Concluding Remarks

4.4 Concluding Remarks

Concluding Remarks

This chapter introduced four latency-reducing techniques: one can take advantage of paths (outlining), two critically depend on paths (cloning and path-inlining), and the fourth (last call optimization) is targeted at reducing overhead due to the deep call-chains that are common to path execution. The fourth technique failed to measurably improve performance in the test environment, but is likely to be beneficial under different circumstances, as discussed in Section 4.2.4. The three path-based techniques achieve two kinds of benefits: first, they improve execution speed by reducing protocol processing latency and, second, they improve predictability of path execution time by providing explicit control over critical-path code layout.

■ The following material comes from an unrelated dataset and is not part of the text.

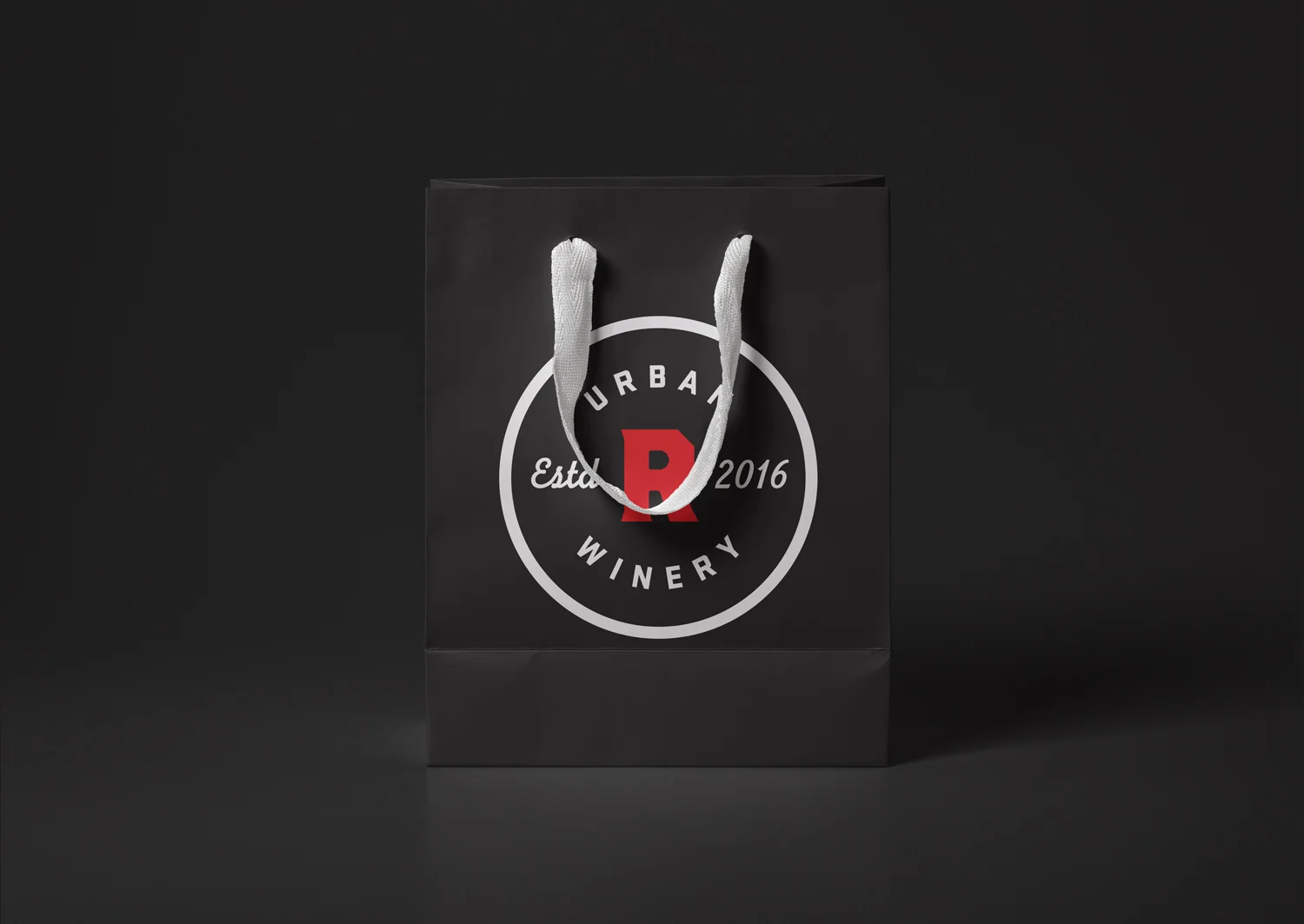 Revel Urban Winery branded bag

The path-based techniques reduce processing latency by improving the memory system behavior of the code path, i.e., by reducing the mCPI. Fundamentally, this can be achieved by (a) increasing the dynamic instruction stream density, (b) reducing the number of cache conflicts, and (c) reducing the critical-path code size. Each of these components is addressed by one or more of the techniques presented. Since the gap between processor and memory speed continues to widen, the techniques are likely to become even more important in the future. For example, this study was conducted on a machine with a 175MHz dual-issue Alpha processor and a 100MB/s memory system. Now, systems with 600MHz quadruple-issue processors and 200MB/s memory systems are readily available---in other words, the peak execution rate increased by almost a factor of seven, yet the memory bandwidth increased by only a factor of two.

Predictability is often just as important as raw performance. The proposed techniques address this issue by enabling reducing fluctuations in execution speed. The BAD case reported in Section 4.3 demonstrates that an uncontrolled i-cache layout can have a profound effect. Even though this case was constructed artificially, suboptimal configurations are possible and not are uncommon in practice. For example, the measured mCPI for the DEC UNIX v3.2c TCP/IP stack is 2.3, which is significantly worse than the 1.58 mCPI measured for the standard Scout prototype version. The proposed techniques, though not guaranteeing perfect behavior, avoid such bad i-cache behavior.